Descubram-se, a esse propósito, os filmes de Jean-Daniel Pollet (1936-2004), a passarem na Cinemateca Portuguesa num ciclo que se prolonga até final de março. No seio da Nova Vaga francesa, Pollet foi uma figura das margens, mas não marginal — bem pelo contrário: central no pensamento e na acção desse movimento (Godard, Truffaut, Rohmer, etc.) que refez todo o continente cinematográfico, pensando e repensando as suas linguagens.
O célebre Méditerranée, datado de 1963 — ano em que o grande espectáculo de Hollywood era Cleópatra, de Joseph L. Mankiewicz, ou em Portugal surgia o Acto da Primavera, de Manoel de Oliveira —, pode servir de símbolo exemplar da visão cinematográfica de Pollet. A saber: uma atenção militante (entenda-se: obsessiva) aos sinais que herdámos da história, cruzando-os com os enigmas dos elementos naturais — o mar é, em Pollet, uma entidade propriamente mitológica, à beira do divino — e os sobressaltos da palavra escrita. E também da sua transfiguração em pura oralidade. Como diz a voz de Méditerranée, este é um “país múltiplo, falsamente adormecido”.

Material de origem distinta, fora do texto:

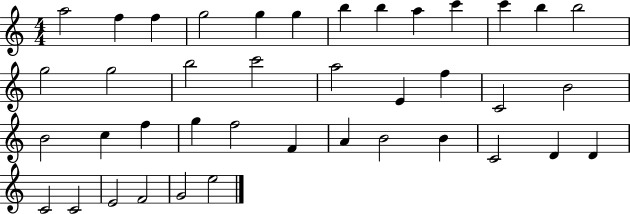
X:1
T:Untitled
M:4/4
L:1/4
K:C
a2 f f g2 g g b b a c' c' b b2 g2 g2 b2 c'2 a2 E f C2 B2 B2 c f g f2 F A B2 B C2 D D C2 C2 E2 F2 G2 e2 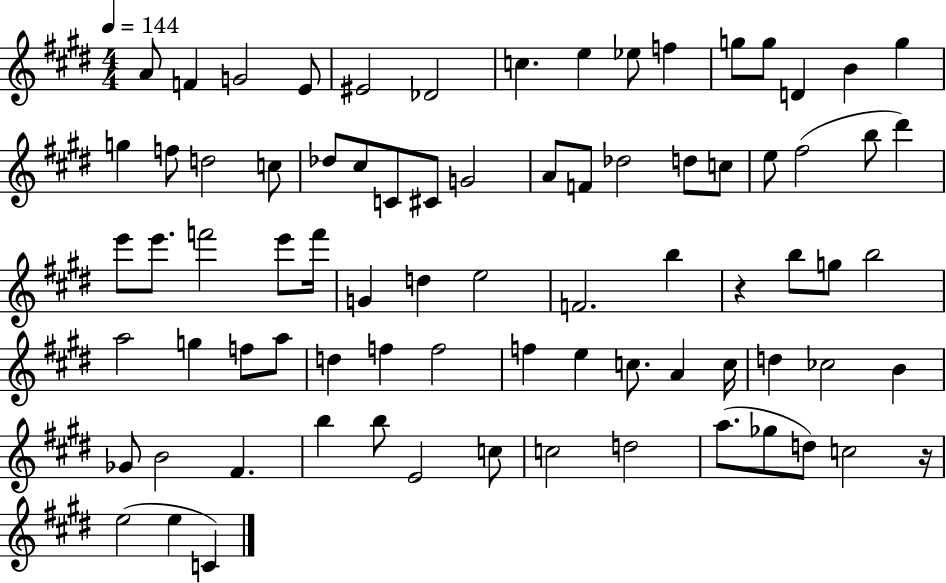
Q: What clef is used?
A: treble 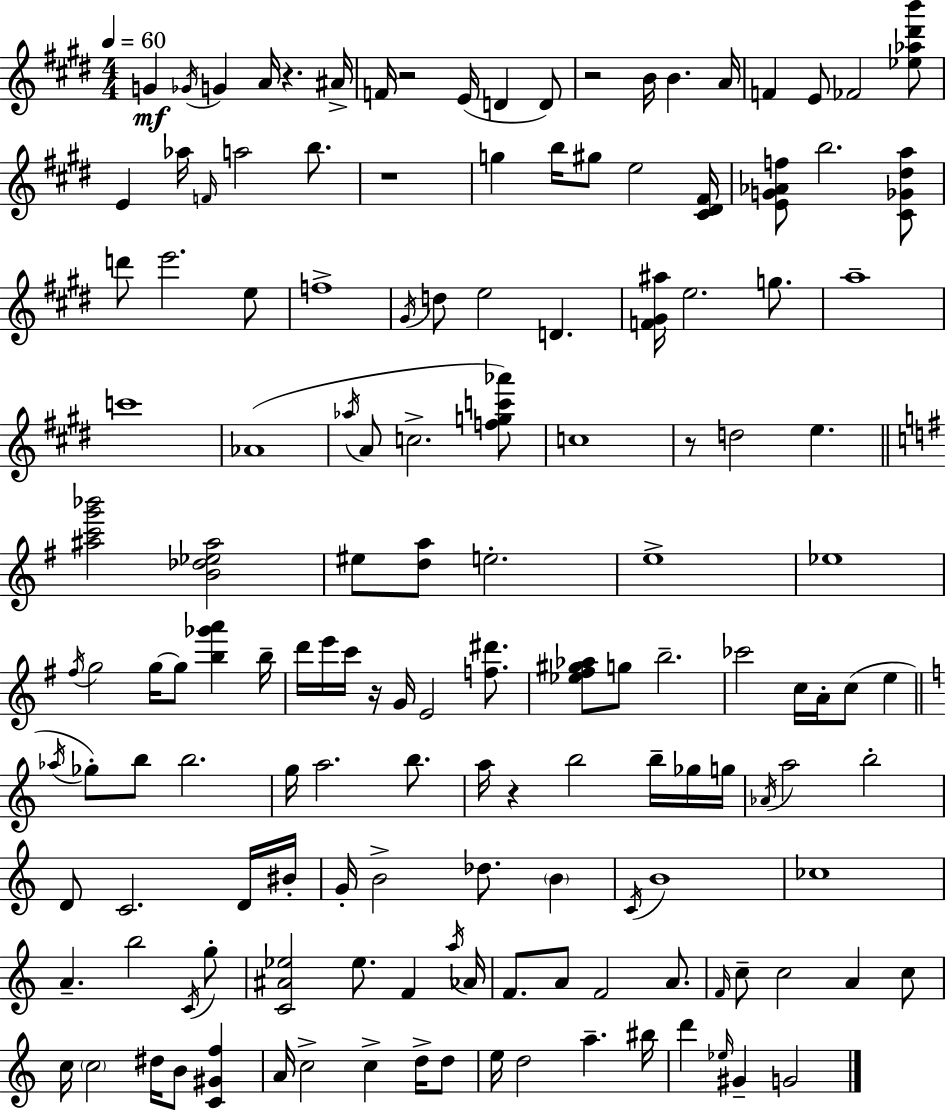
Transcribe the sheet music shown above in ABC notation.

X:1
T:Untitled
M:4/4
L:1/4
K:E
G _G/4 G A/4 z ^A/4 F/4 z2 E/4 D D/2 z2 B/4 B A/4 F E/2 _F2 [_e_a^d'b']/2 E _a/4 F/4 a2 b/2 z4 g b/4 ^g/2 e2 [^C^D^F]/4 [EG_Af]/2 b2 [^C_G^da]/2 d'/2 e'2 e/2 f4 ^G/4 d/2 e2 D [F^G^a]/4 e2 g/2 a4 c'4 _A4 _a/4 A/2 c2 [fgc'_a']/2 c4 z/2 d2 e [^ac'g'_b']2 [B_d_e^a]2 ^e/2 [da]/2 e2 e4 _e4 ^f/4 g2 g/4 g/2 [b_g'a'] b/4 d'/4 e'/4 c'/4 z/4 G/4 E2 [f^d']/2 [_e^f^g_a]/2 g/2 b2 _c'2 c/4 A/4 c/2 e _a/4 _g/2 b/2 b2 g/4 a2 b/2 a/4 z b2 b/4 _g/4 g/4 _A/4 a2 b2 D/2 C2 D/4 ^B/4 G/4 B2 _d/2 B C/4 B4 _c4 A b2 C/4 g/2 [C^A_e]2 _e/2 F a/4 _A/4 F/2 A/2 F2 A/2 F/4 c/2 c2 A c/2 c/4 c2 ^d/4 B/2 [C^Gf] A/4 c2 c d/4 d/2 e/4 d2 a ^b/4 d' _e/4 ^G G2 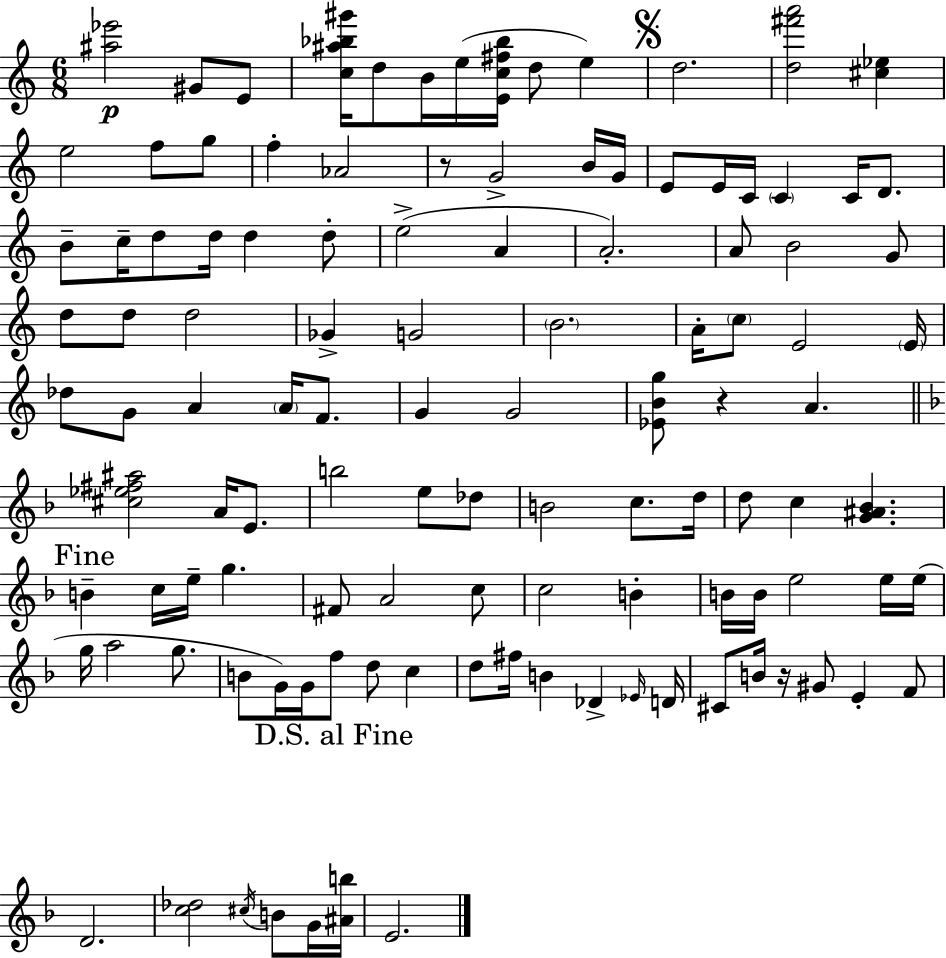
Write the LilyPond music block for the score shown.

{
  \clef treble
  \numericTimeSignature
  \time 6/8
  \key a \minor
  <ais'' ees'''>2\p gis'8 e'8 | <c'' ais'' bes'' gis'''>16 d''8 b'16 e''16( <e' c'' fis'' bes''>16 d''8 e''4) | \mark \markup { \musicglyph "scripts.segno" } d''2. | <d'' fis''' a'''>2 <cis'' ees''>4 | \break e''2 f''8 g''8 | f''4-. aes'2 | r8 g'2-> b'16 g'16 | e'8 e'16 c'16 \parenthesize c'4 c'16 d'8. | \break b'8-- c''16-- d''8 d''16 d''4 d''8-. | e''2->( a'4 | a'2.-.) | a'8 b'2 g'8 | \break d''8 d''8 d''2 | ges'4-> g'2 | \parenthesize b'2. | a'16-. \parenthesize c''8 e'2 \parenthesize e'16 | \break des''8 g'8 a'4 \parenthesize a'16 f'8. | g'4 g'2 | <ees' b' g''>8 r4 a'4. | \bar "||" \break \key d \minor <cis'' ees'' fis'' ais''>2 a'16 e'8. | b''2 e''8 des''8 | b'2 c''8. d''16 | d''8 c''4 <g' ais' bes'>4. | \break \mark "Fine" b'4-- c''16 e''16-- g''4. | fis'8 a'2 c''8 | c''2 b'4-. | b'16 b'16 e''2 e''16 e''16( | \break g''16 a''2 g''8. | b'8 g'16) g'16 f''8 d''8 c''4 | d''8 fis''16 b'4 des'4-> \grace { ees'16 } | d'16 cis'8 b'16 r16 gis'8 e'4-. f'8 | \break d'2. | <c'' des''>2 \acciaccatura { cis''16 } b'8 | g'16 \mark "D.S. al Fine" <ais' b''>16 e'2. | \bar "|."
}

Pollet foi arauto de uma liberdade criativa que, por vezes, precipitadamente, encaramos como uma “descoberta” do século XXI. De facto, os seus filmes dispensam qualquer convenção fechada que tenda a separar a “objectividade” do documentário e o “artifício” da ficção. Creio mesmo que a sua curta-metragem de estreia, Pourvu Qu’on Ait l’Ivresse (1957), primeira de muitas colaborações com o actor Claude Melki, registando a timidez de um homem face às mulheres num baile de domingo, pode resumir a agilidade do seu olhar: tudo aquilo tende para uma alegria burlesca (Buster Keaton é uma referência recorrente quando se fala de Melki na obra de Pollet) que não exclui a dimensão de testemunho de um tempo social muito concreto, de irrepetíveis gestos e singularidades.

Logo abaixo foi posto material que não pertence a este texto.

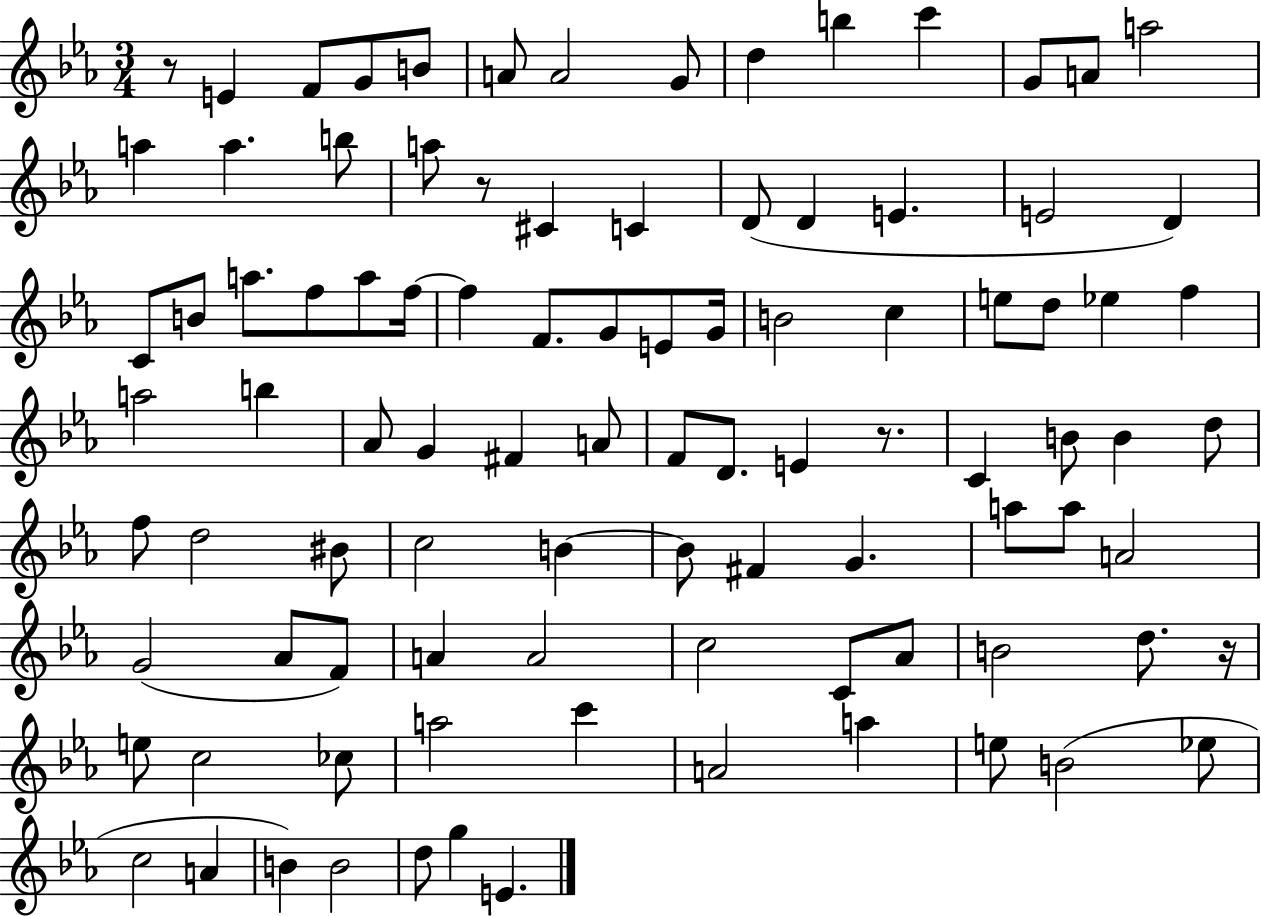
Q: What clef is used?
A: treble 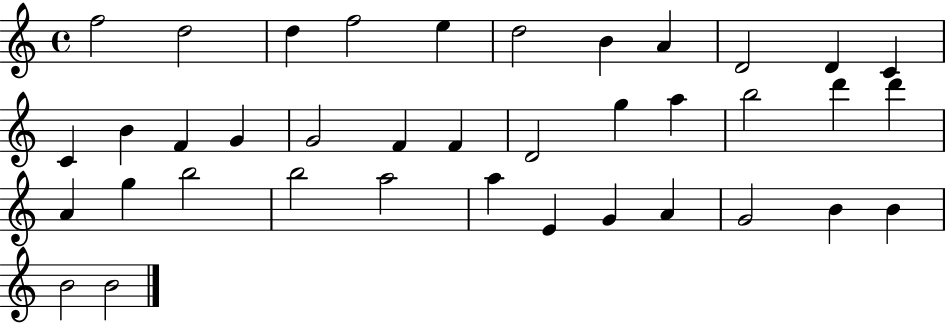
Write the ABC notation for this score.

X:1
T:Untitled
M:4/4
L:1/4
K:C
f2 d2 d f2 e d2 B A D2 D C C B F G G2 F F D2 g a b2 d' d' A g b2 b2 a2 a E G A G2 B B B2 B2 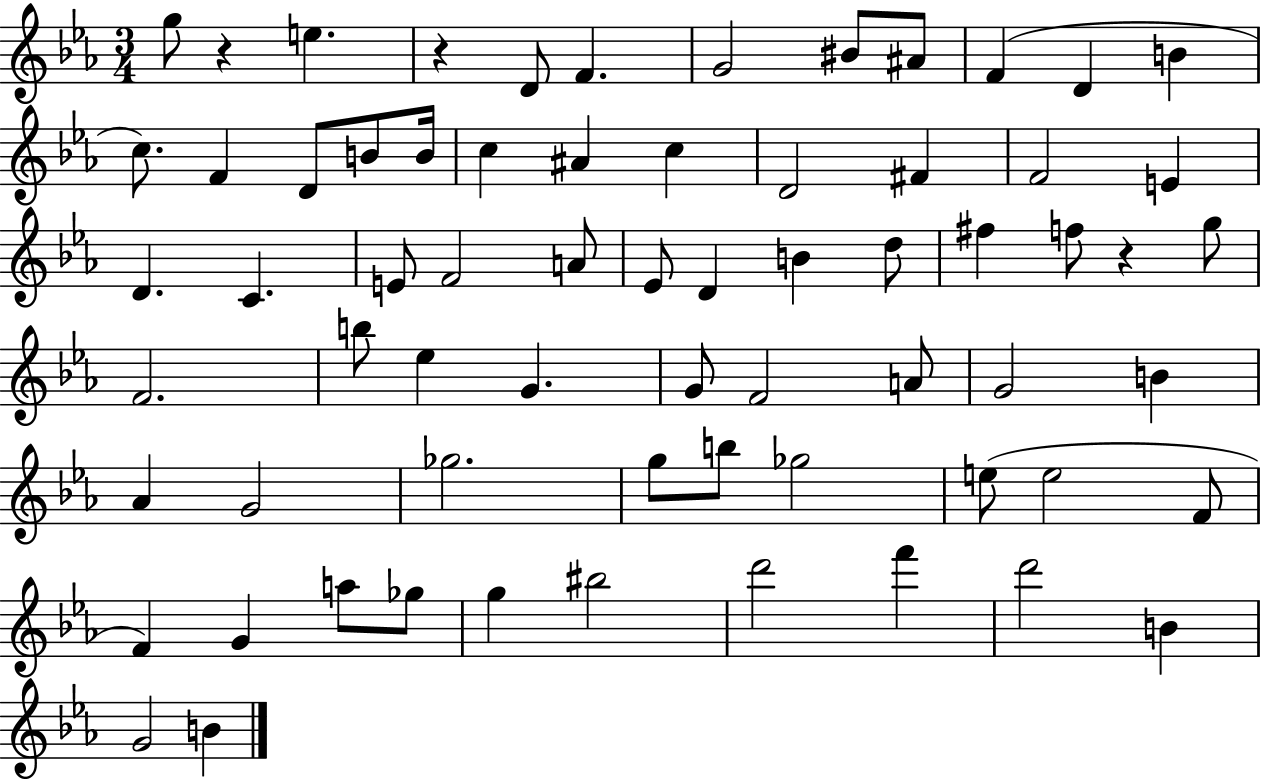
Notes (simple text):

G5/e R/q E5/q. R/q D4/e F4/q. G4/h BIS4/e A#4/e F4/q D4/q B4/q C5/e. F4/q D4/e B4/e B4/s C5/q A#4/q C5/q D4/h F#4/q F4/h E4/q D4/q. C4/q. E4/e F4/h A4/e Eb4/e D4/q B4/q D5/e F#5/q F5/e R/q G5/e F4/h. B5/e Eb5/q G4/q. G4/e F4/h A4/e G4/h B4/q Ab4/q G4/h Gb5/h. G5/e B5/e Gb5/h E5/e E5/h F4/e F4/q G4/q A5/e Gb5/e G5/q BIS5/h D6/h F6/q D6/h B4/q G4/h B4/q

Pollet assinou um dos seis episódios de Paris Visto Por… (1964), deliciosa colecção de histórias que ficou como uma espécie de manifesto da Nova Vaga. O seu trabalho foi-se abrindo à pluralidade das linguagens, incluindo a “aplicação” do movimento do cinema às imagens fotográficas. Assim acontece em Contre-Courant (1991), montagem dramática de fotos da paisagem urbana parisiense, ou no belíssimo Jour Après Jour (2006), filme póstumo, concluído por Jean-Paul Fargier, tendo como base as fotografias que Pollet foi fazendo na sequência de um grave acidente que, na fase final da sua vida, o impediu de caminhar.

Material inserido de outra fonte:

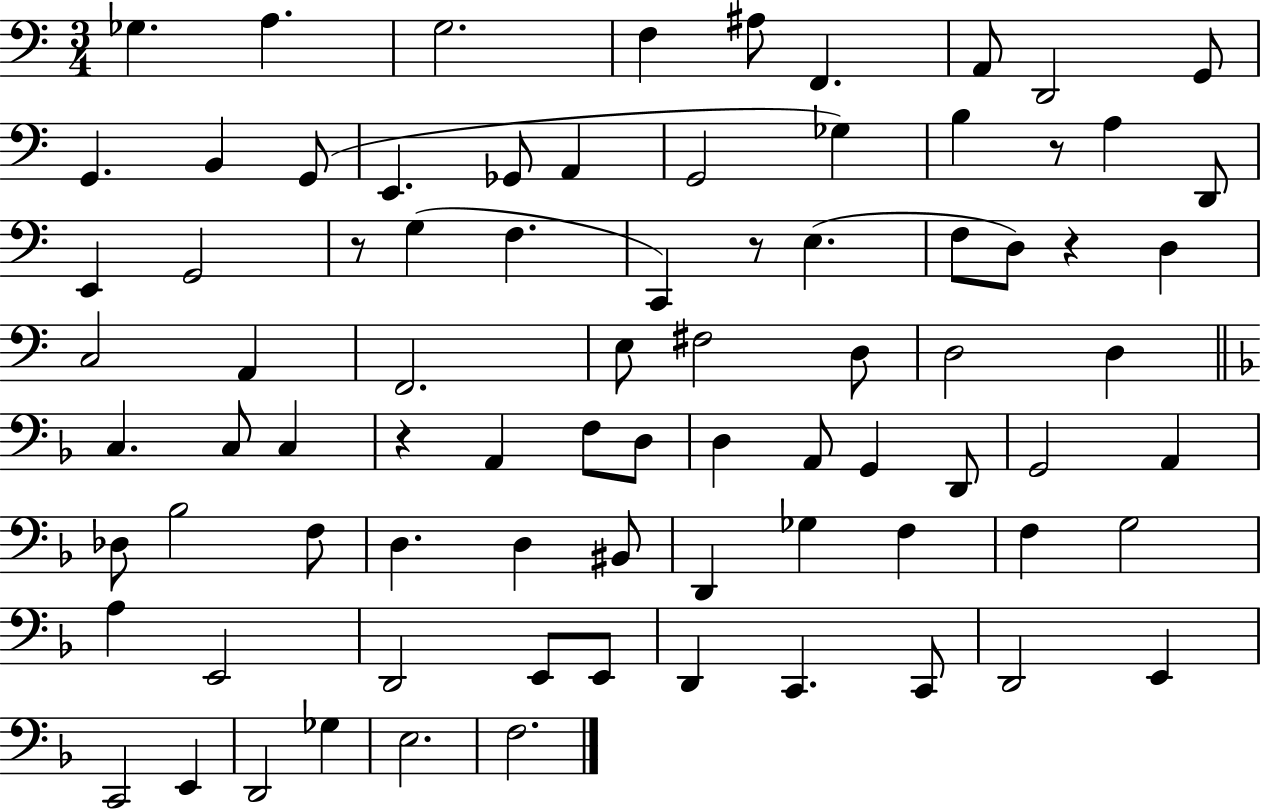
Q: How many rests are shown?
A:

No limite, um pouco à maneira do Godard do século XXI, Pollet convoca memórias dos seus próprios filmes para relançar a reflexão sobre os poderes e limites do cinema. É o caso de Dieu Sait Quoi (1993), em que a poesia de Francis Ponge o leva a revisitar imagens filmadas para Mediterranée e também Contretemps (1988), revendo, por exemplo, Philippe Sollers, agora num ecrã televisivo. Fica, por isso, uma lição básica: as imagens existem e renascem através dos ecrãs em que as vemos, refazendo a nossa identidade.